Tuesday, January 29, 2013

Melodious Timbre

And on a day we meet to walk the line
And set the wall between us once again.
We keep the wall between us as we go.--Robert Frost, in his well taught "Mending Wall"



Part of the reason I have not risked Google's ire just yet is that I do not have enough time to truly test American corporate intolerance for free speech, conjoined to the fact that I do care about what I am attempting, and why this web log project matters to me as a legacy. Now, of course, there are limits, and that I am furiously angry at the juxtaposition between independent living ideology and its institutional cruelty, this does not give me the right to behave like Al Capone with sagging breasts, and I am educated enough to know better. Inheriting my father's temper is one thing, and deploying my intelligence to circumvent my loss of strength, and to strike back, that is another, but there is more to it than that.  The larger question is, if I piss everyone off, have I achieved anything? It is an important question, because when I start digging, I am really going to burrow, and I have to weigh those risks; at my best, and perhaps worst, I spare nothing, and that is inclusive of Jimmy Carter's scarred bid for political sainthood. He and Woodward mellowed to maturity in that Georgia climate, and both the peanut farmer and the sympathetic Hollywood widow make me wonder why Lincoln did not allow Sherman to really punish the South, literally bury it beneath the furrows of its plantation caste hierarchy. That damn agrarian pathology, dragging on and on so that we can be sure the death of America's psychic historical scar tissue will outlast the viability of our nation state. The melodrama of her drawling and slightly phlegmatic voice is a superfluous excess, but in Summer Wishes, it fits the feminine state of menopause and regret.

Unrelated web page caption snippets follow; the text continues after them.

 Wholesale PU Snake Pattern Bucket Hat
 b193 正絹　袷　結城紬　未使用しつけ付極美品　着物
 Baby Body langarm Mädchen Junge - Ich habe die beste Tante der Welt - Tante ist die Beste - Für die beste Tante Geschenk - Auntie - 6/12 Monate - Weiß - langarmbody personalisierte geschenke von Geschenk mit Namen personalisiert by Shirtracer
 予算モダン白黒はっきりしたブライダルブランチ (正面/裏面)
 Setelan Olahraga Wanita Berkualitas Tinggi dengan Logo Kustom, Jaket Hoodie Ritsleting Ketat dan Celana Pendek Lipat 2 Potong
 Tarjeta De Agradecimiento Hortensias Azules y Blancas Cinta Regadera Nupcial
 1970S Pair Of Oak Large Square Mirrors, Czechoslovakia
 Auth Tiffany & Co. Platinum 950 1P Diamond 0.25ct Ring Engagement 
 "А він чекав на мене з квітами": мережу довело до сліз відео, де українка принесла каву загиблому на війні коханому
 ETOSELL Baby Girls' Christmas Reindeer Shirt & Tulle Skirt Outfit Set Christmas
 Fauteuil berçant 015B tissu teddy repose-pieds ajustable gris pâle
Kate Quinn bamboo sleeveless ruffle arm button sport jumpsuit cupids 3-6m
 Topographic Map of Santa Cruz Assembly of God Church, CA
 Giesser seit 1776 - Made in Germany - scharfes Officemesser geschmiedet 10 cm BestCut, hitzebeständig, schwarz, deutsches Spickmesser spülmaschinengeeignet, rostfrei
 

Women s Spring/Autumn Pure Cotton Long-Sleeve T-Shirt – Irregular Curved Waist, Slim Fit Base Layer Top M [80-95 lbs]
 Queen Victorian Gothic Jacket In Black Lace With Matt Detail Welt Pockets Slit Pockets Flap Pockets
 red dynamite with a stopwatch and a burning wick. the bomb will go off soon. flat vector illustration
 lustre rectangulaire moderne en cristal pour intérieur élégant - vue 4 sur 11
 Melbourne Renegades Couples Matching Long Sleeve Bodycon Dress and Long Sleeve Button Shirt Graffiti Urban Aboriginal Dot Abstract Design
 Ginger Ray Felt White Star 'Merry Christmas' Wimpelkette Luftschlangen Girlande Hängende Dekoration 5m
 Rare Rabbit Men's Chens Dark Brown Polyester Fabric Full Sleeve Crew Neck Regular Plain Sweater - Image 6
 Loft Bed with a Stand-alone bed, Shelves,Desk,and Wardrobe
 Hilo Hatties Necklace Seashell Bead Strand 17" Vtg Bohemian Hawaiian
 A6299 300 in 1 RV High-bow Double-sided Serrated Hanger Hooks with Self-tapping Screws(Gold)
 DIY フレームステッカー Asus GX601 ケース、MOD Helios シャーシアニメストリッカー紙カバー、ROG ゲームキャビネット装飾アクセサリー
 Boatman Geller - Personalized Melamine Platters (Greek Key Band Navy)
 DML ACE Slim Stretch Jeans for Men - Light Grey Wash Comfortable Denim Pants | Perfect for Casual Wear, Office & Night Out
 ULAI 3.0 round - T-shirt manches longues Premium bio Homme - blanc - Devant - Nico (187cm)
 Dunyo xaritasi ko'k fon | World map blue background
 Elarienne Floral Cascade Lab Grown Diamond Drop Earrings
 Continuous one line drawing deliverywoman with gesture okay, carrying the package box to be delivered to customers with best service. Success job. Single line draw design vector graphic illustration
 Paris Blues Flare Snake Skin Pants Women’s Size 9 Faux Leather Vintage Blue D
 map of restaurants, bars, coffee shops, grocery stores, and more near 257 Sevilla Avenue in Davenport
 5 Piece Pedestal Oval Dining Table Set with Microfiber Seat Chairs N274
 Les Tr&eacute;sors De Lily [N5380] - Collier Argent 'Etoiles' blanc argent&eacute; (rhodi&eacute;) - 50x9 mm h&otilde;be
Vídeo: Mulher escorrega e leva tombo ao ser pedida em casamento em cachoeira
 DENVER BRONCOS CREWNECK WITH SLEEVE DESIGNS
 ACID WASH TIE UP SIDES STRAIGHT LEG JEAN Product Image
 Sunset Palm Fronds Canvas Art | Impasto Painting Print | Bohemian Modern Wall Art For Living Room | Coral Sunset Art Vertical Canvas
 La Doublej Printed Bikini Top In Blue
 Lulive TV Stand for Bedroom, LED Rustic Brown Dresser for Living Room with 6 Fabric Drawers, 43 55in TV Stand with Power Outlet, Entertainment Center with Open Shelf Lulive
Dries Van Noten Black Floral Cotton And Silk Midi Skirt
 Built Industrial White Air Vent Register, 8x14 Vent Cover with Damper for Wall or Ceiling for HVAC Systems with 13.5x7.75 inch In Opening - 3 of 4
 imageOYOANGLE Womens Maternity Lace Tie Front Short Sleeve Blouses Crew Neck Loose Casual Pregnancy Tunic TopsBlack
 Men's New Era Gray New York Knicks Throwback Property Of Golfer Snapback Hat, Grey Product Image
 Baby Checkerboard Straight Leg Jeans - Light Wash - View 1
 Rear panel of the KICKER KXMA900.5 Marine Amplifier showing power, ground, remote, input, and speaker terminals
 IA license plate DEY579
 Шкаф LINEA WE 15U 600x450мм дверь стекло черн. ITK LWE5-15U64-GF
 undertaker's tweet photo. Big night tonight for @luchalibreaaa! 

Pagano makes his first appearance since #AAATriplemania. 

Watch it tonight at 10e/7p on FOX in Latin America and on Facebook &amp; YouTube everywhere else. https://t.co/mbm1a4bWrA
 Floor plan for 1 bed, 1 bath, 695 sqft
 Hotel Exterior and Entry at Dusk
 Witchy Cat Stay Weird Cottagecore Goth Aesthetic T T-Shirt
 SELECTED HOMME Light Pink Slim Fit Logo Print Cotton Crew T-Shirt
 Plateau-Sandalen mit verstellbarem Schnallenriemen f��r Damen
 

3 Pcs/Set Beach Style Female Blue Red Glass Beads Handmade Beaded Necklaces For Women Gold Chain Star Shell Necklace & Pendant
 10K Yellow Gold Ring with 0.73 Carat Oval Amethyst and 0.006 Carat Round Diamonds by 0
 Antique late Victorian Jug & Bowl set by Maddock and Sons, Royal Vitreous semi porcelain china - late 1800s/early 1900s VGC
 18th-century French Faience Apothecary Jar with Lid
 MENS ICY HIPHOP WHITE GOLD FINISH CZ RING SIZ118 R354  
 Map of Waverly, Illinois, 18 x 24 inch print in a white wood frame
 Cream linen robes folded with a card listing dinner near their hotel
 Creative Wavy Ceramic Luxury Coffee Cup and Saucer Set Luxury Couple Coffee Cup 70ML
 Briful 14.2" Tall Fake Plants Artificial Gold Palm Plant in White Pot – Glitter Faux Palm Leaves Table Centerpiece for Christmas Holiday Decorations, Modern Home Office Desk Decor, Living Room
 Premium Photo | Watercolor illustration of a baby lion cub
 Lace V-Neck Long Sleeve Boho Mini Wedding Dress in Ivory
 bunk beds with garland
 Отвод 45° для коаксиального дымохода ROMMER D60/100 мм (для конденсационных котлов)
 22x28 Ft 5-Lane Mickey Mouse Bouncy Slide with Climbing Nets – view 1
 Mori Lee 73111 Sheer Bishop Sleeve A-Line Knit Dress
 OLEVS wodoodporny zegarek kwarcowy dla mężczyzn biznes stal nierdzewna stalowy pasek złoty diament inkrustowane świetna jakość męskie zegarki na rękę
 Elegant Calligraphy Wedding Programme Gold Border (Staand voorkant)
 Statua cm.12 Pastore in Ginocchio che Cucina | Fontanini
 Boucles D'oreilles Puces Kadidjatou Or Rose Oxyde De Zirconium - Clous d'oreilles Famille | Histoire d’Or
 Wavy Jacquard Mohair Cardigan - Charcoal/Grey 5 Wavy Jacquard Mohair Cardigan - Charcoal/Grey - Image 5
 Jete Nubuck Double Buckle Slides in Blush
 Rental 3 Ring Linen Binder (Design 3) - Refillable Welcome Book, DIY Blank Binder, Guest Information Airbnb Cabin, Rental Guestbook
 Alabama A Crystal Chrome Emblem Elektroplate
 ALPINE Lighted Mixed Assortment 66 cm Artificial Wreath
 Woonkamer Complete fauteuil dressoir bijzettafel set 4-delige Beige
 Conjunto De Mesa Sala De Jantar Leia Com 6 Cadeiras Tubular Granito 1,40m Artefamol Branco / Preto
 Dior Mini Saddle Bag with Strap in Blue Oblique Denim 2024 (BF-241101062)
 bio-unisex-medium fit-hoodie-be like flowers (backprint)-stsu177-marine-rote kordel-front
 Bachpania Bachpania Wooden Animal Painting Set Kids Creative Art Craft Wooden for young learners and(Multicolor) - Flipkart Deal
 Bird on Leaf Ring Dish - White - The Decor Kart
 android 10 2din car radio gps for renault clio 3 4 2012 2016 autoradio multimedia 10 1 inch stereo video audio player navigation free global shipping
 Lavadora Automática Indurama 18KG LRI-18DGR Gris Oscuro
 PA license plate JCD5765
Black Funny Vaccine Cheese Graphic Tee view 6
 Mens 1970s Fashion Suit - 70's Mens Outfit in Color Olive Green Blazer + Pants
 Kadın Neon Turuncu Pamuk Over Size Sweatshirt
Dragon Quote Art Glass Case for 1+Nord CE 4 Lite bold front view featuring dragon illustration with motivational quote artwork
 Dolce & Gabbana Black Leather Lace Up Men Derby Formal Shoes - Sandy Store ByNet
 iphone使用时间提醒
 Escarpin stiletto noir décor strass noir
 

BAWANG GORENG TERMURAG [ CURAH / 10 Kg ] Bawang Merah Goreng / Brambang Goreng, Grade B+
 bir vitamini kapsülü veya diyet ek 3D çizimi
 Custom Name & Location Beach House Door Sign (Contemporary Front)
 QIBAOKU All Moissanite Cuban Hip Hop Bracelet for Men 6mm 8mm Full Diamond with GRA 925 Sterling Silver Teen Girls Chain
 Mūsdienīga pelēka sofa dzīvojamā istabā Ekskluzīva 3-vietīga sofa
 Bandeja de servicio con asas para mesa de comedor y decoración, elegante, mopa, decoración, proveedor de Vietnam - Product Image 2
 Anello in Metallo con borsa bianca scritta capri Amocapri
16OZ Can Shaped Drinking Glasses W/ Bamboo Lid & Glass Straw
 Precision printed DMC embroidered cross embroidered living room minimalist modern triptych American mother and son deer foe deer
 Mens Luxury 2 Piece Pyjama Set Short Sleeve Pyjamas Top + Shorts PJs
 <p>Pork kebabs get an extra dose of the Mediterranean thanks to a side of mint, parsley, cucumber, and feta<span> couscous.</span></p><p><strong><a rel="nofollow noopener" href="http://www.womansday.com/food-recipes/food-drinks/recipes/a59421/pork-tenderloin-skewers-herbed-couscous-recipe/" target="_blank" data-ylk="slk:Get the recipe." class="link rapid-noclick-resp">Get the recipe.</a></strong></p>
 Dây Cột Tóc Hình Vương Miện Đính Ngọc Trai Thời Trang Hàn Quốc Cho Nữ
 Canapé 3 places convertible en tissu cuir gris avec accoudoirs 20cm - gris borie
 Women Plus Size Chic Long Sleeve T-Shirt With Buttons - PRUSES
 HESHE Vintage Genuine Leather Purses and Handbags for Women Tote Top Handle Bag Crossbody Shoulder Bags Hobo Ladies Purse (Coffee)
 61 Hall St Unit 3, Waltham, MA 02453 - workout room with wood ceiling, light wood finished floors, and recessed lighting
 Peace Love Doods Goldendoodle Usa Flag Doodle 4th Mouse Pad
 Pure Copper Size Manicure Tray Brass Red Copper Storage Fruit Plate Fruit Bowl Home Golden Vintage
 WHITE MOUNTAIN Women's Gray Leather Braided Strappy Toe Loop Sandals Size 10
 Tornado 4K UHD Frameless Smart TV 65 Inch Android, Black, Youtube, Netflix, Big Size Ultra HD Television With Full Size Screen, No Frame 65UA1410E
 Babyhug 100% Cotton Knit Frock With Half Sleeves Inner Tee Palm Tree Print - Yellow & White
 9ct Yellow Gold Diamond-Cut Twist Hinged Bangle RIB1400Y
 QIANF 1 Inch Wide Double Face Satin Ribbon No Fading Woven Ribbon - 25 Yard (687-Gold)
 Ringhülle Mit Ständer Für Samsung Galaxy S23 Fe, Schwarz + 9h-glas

The homosexuality of the son is nothing more than a plot device to ensure the psychological duress of Rita and Harry, but the film is so effective because of the honesty of the characters beneath the stylized mechanisms of its location scenery. What we have here is a husband and wife struggling to come to terms with abandonment (spastic is not alone) and the fact that their progeny have evolved into their own people, with the gay son Bobby exiling himself from pedestrian repression for the sake of his own survival and sanity, and that character, Bobby, transposed from 73 to  contemporary barriers being forcibly smashed, might think Andrew Sullivan is destroying the freedom of alternative choices. He is more sketched into the film to provide Woodward with her conflict, so it is difficult to know for sure, but the dialogue between Woodward and Balsam, for its era, is deft, honest, and lacking in pretension, a generation that still had fascism on its back, and wasn't sure of the right answer, but knew that affluence wasn't the sum totality of its need.